START Records for the task

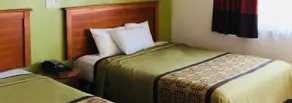Americas Best Value Inn Visalia - Chambre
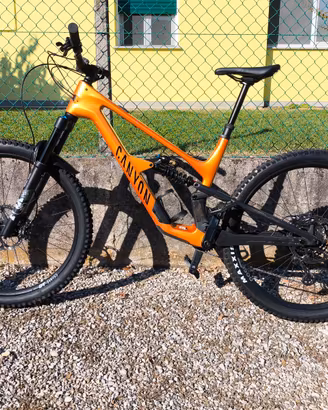 Canyon Spectral CF8 taglia XL 29 (Agosto 2025)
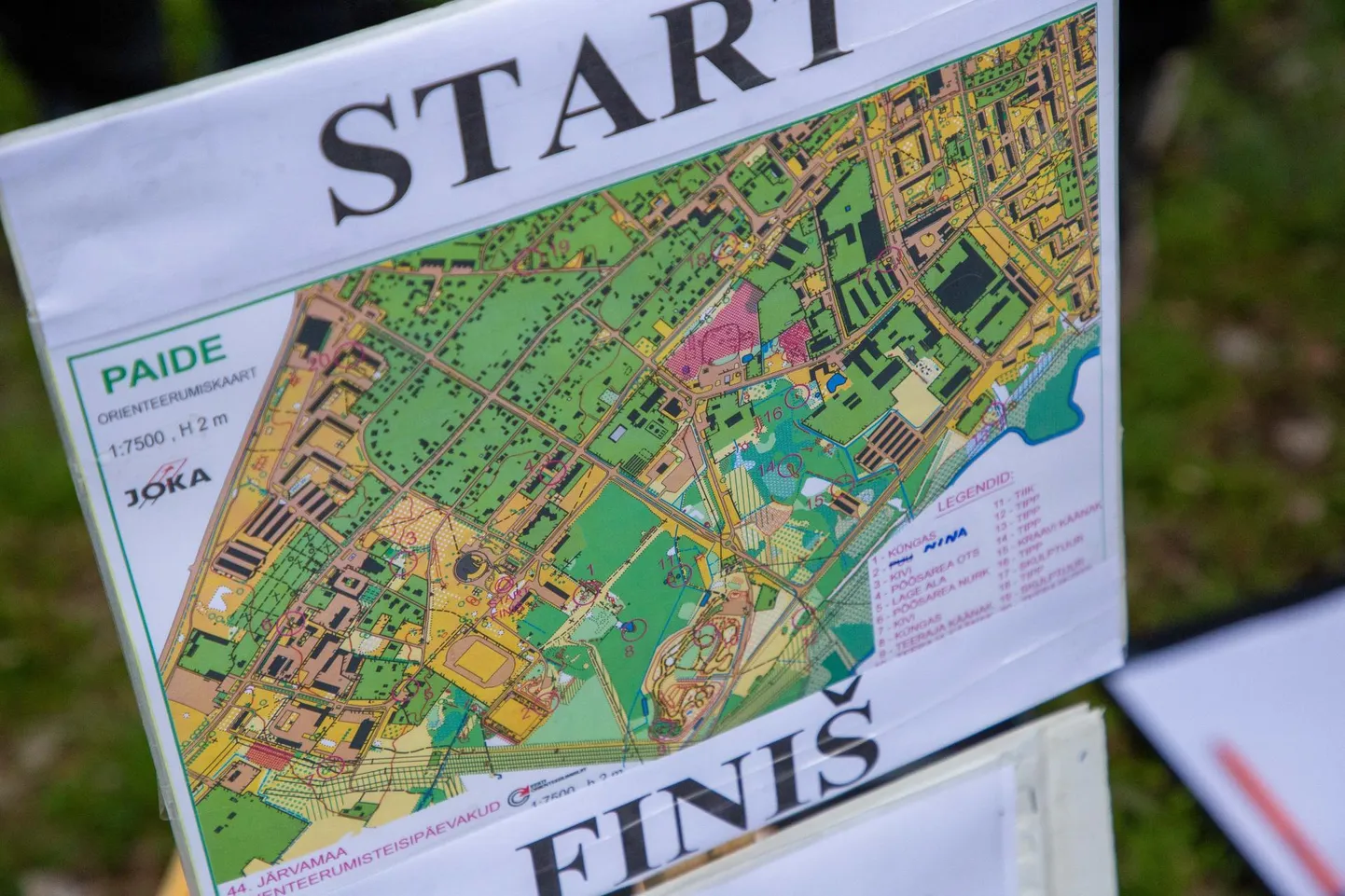 Orienteerumisklubi JOKA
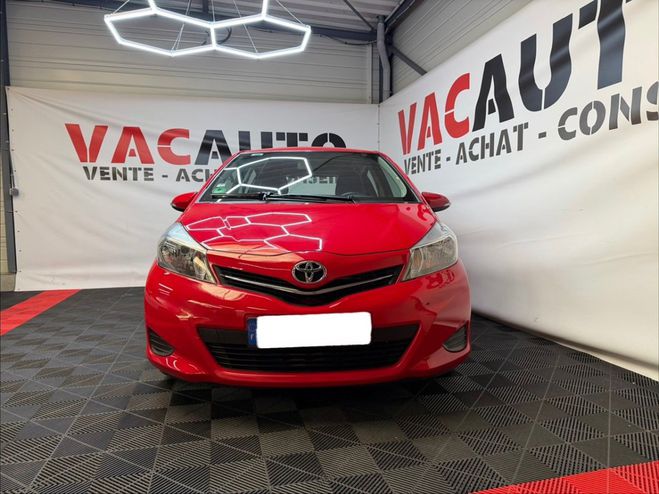 Toyota Yaris 1.33 Dual VVT-i Dynamic 100ch  de 2014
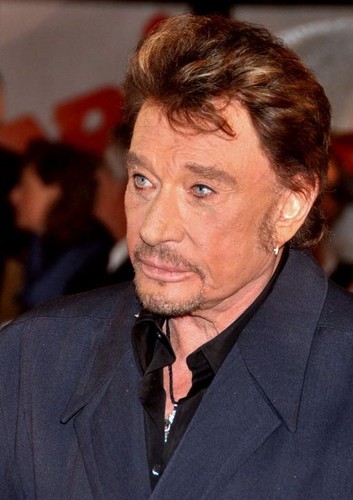 Photo johnny hallyday rock - photo,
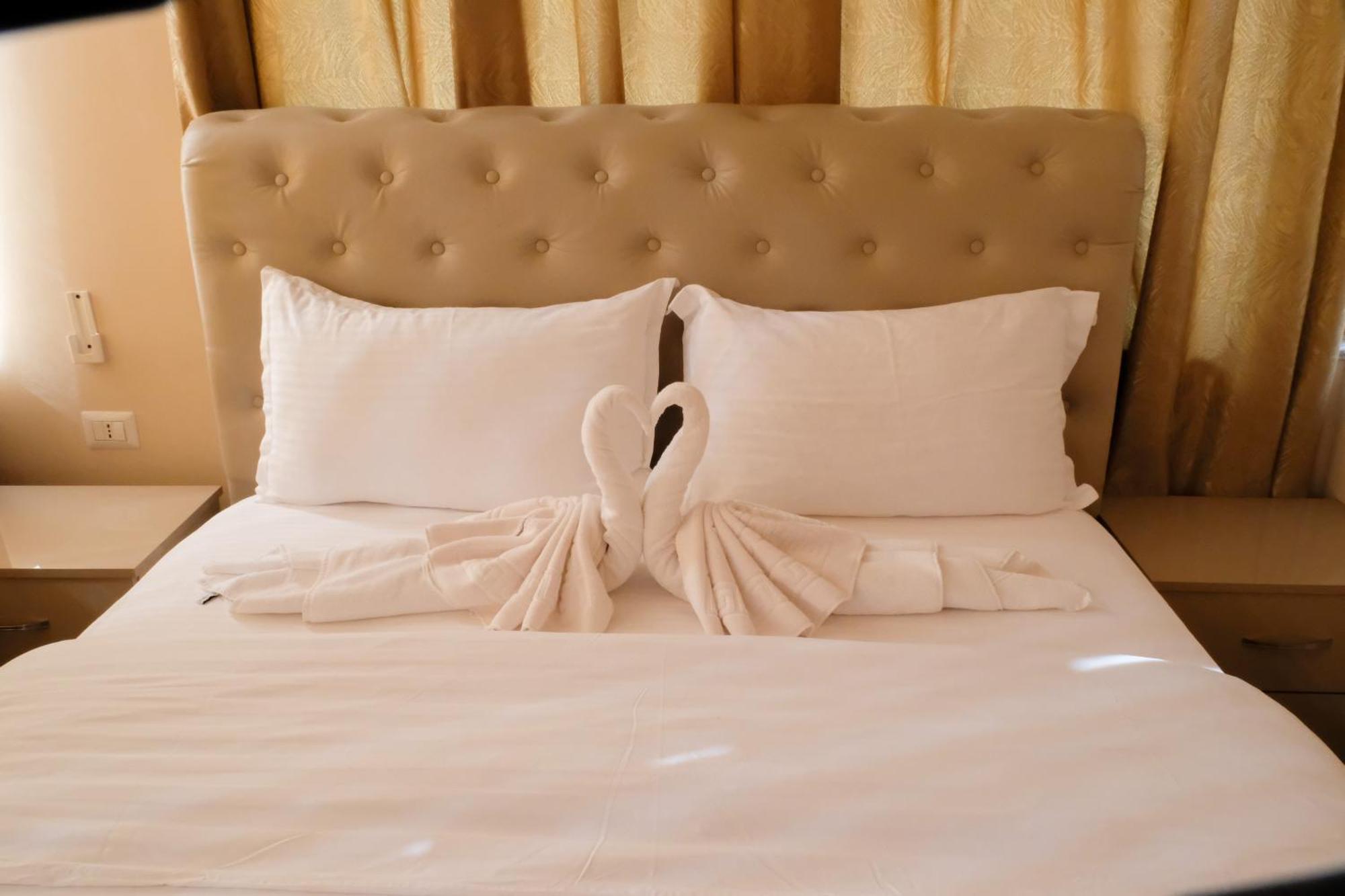 Buna Park Hotel Shkodër 외부 사진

END Records for the task

* **What is required**
Reproduce exactly the lines from the one containing "Toyota Yaris 1.33" through the last line of the records, both included, leaving out every picture.

* **Exercise output**
 Toyota Yaris 1.33 Dual VVT-i Dynamic 100ch  de 2014
 Photo johnny hallyday rock - photo,
 Buna Park Hotel Shkodër 외부 사진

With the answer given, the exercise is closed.